But global uncertainty, jobless rate cast shadow
WASHINGTON – A modestly better-than-expected report on retail sales for January could suggest stronger economic growth in coming months. But this week’s severe snowstorms will likely depress activity in February.
The 0.5 percent gain the Commerce Department reported Friday exceeded the 0.3 percent rise economists had expected. Strength came from a surge at general merchandise stores. These include big chains such as those owned by Wal-Mart Stores Inc. Excluding autos, sales rose 0.6 percent.
Higher consumer spending is vital because it accounts for about 70 percent of economic activity. Economists caution, though, that the spending increases seen since summer could falter as the jobs crisis weighs on a fledgling recovery.
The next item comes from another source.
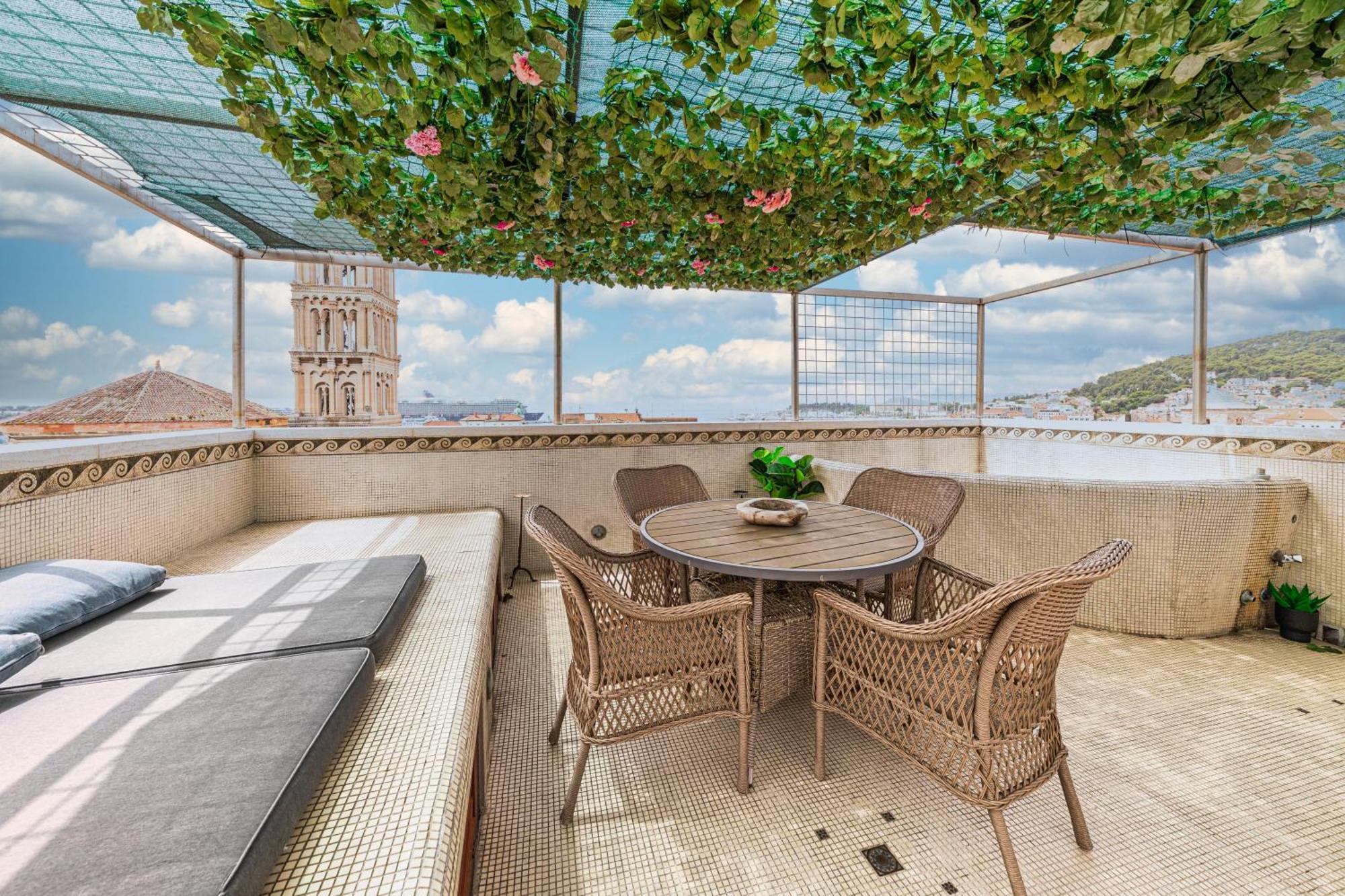 Augubio Penthouse Apartment Split Exterior photo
They noted a second report that showed consumer confidence slipped in early February. The Reuters/University of Michigan consumer sentiment index dipped to 73.7 for early February. That was down from 74.4 in January.
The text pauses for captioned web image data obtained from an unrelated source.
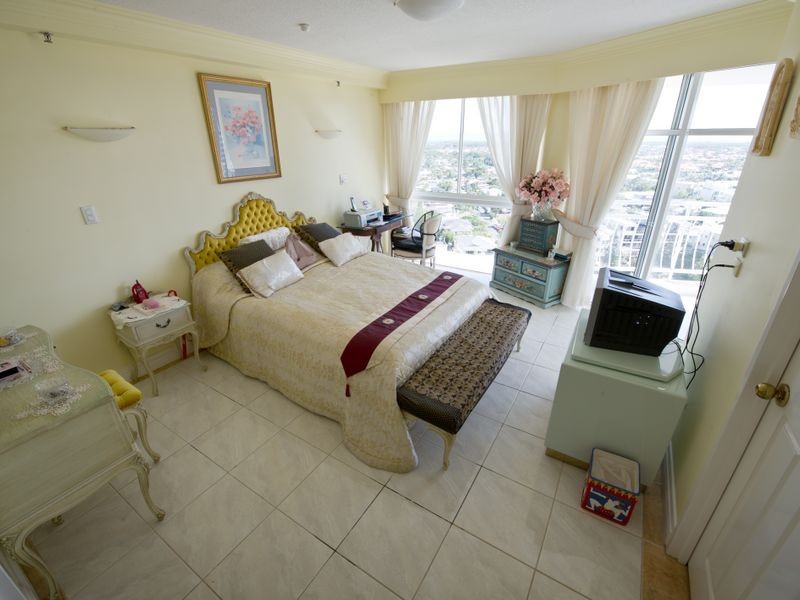 14A/5 Bayview Street, Runaway Bay QLD 4216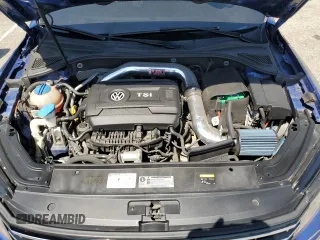 2017 Volkswagen Passat S z VIN 1VWAT7A38HC013566, wystawiony jako Copart lot #52431305 z przebiegiem 111 598 mil mil oraz Szkoda całkowita • Salvage title. Historia ofert i sprzedaży dostępna na DreamBid. Obrazek 11.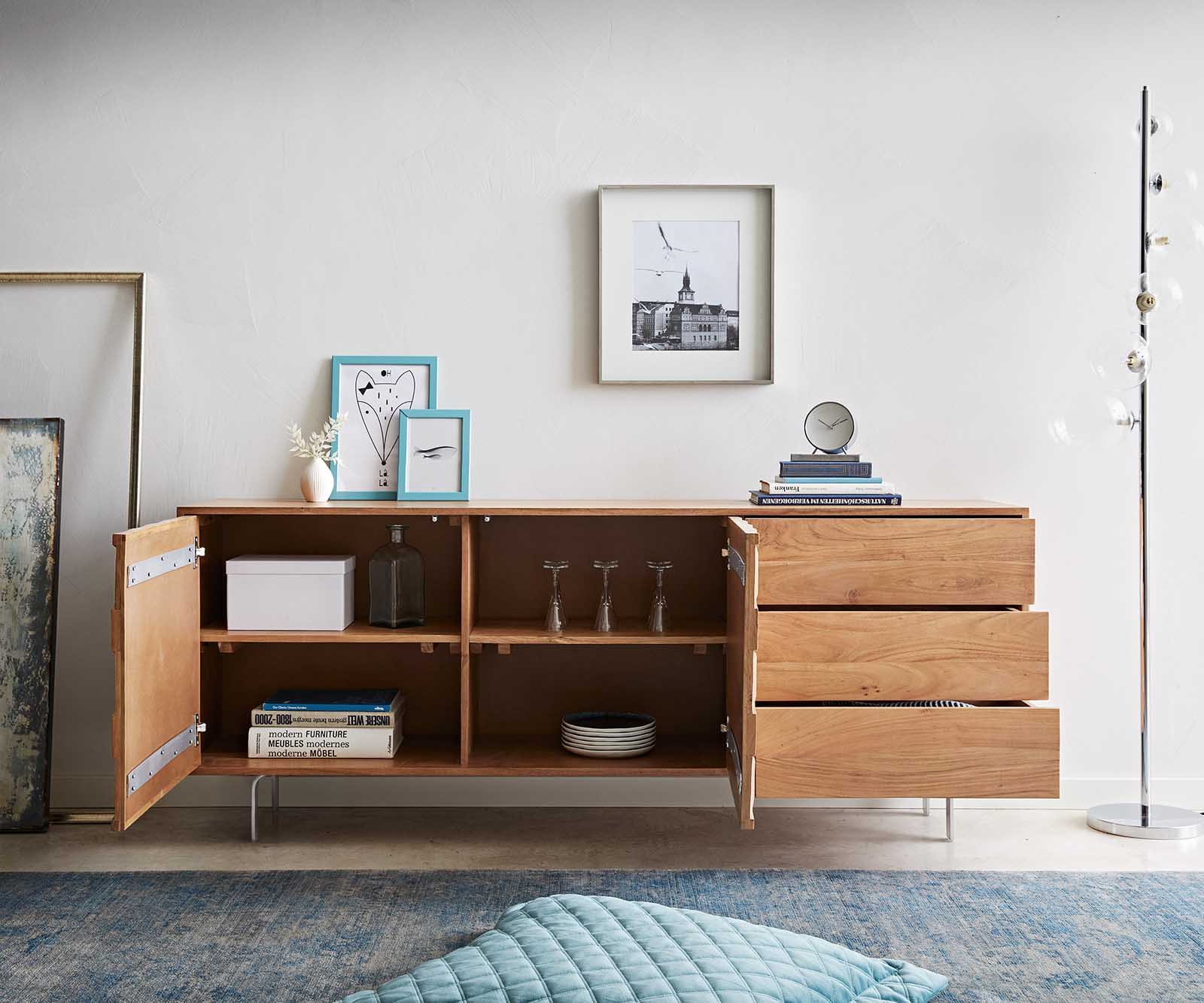 Dressoir Fevo 175 cm acacia natuur 2 deuren 3 laden L-poot 4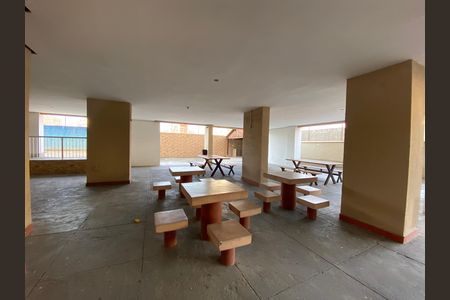 Apartamento para alugar com 192m², 4 quartos e 2 vagas
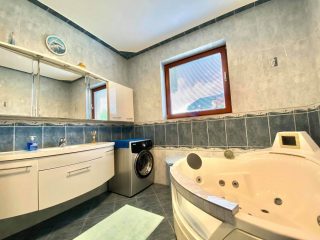 Eladó 180 m²-escsaládi ház XVII. Kerület (Helikopter lakópark) , Rákoshegy: 350'000'000 Ft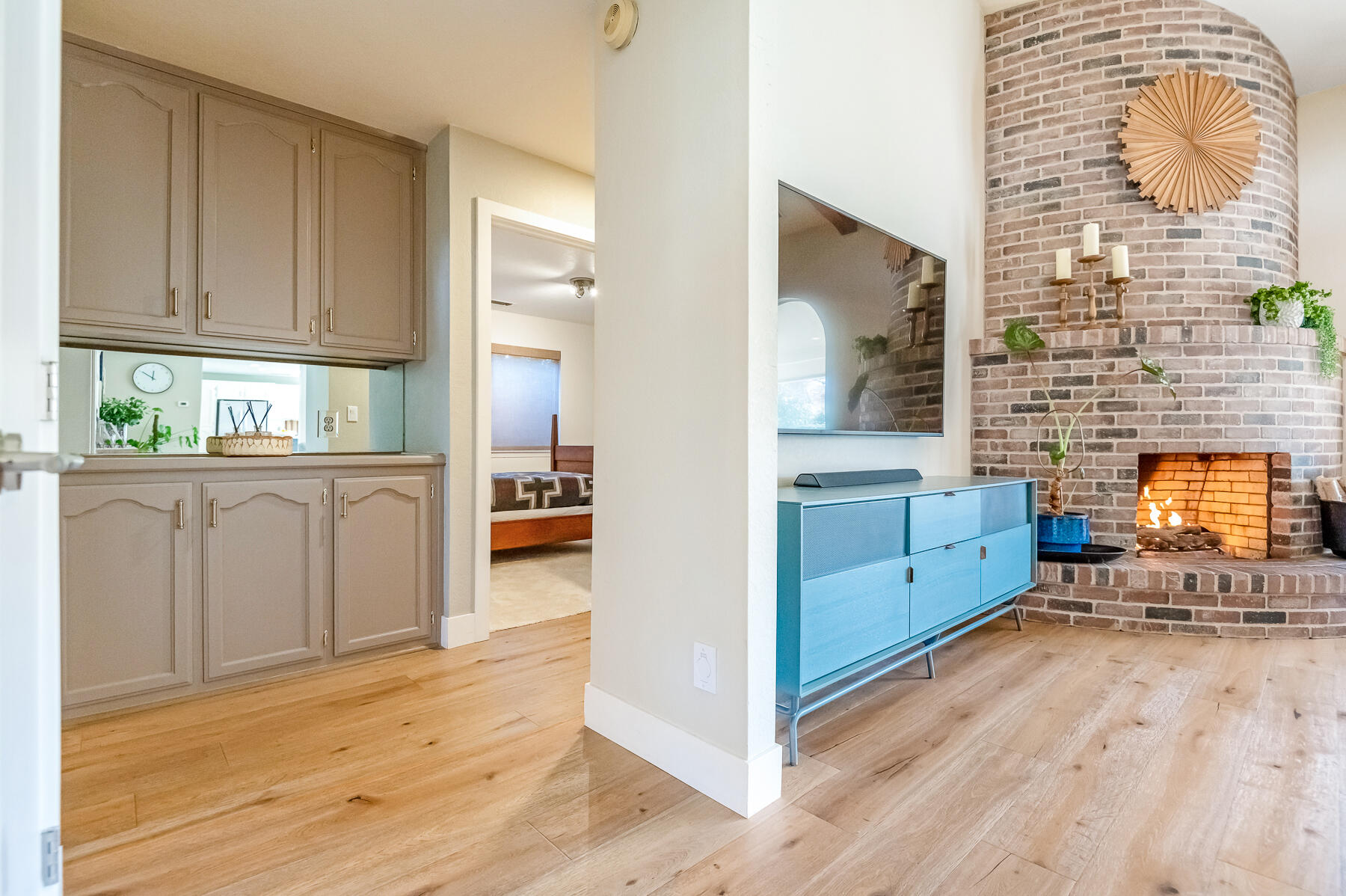 2537 E Hillcrest Ct, Visalia, CA 93292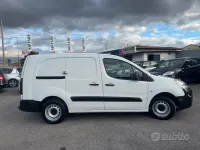 Usata Peugeot Partner Premium 99 CV (72 kW) 2017 Bianco Monovolume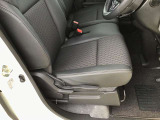 運転席座面もゆったりしています。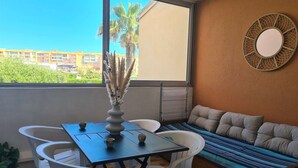 Dining - Cozy Studio with Cabin, Pool, Parking & 450m from Beach (Cap d'Agde)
Some analysts said the unsettled global economy is eroding confidence that the United States can sustain a recovery from the worst recession in decades.
A debt crisis in Greece has plunged the euro, the currency used by 16 European nations, into the worst turmoil since it was launched 11 years ago. Financial markets fear a domino effect that could derail a global rebound.
Concerns about the global economy were raised, too, by China’s move to restrict lending for a second time in a month to cool a credit boom. The order for banks to increase reserves against bad loans renewed fears that a flood of lending in China might be fueling a bubble in stock and real estate prices.
But economists said the biggest threat to the U.S. economy remains the reluctance of U.S. consumers to keep spending.
“We expect that lingering high unemployment, weak income growth, low confidence, tight credit conditions and the continuing need to de-leverage will constrain consumption growth for at least this year and possibly well beyond,” said Paul Ashworth, senior U.S. economist at Capital Economics.
Adding to the caution was a separate Commerce report on businesses’ inventories. It said companies reduced their stockpiles 0.2 percent in December. Economists had expected firms to boost their inventories 0.2 percent.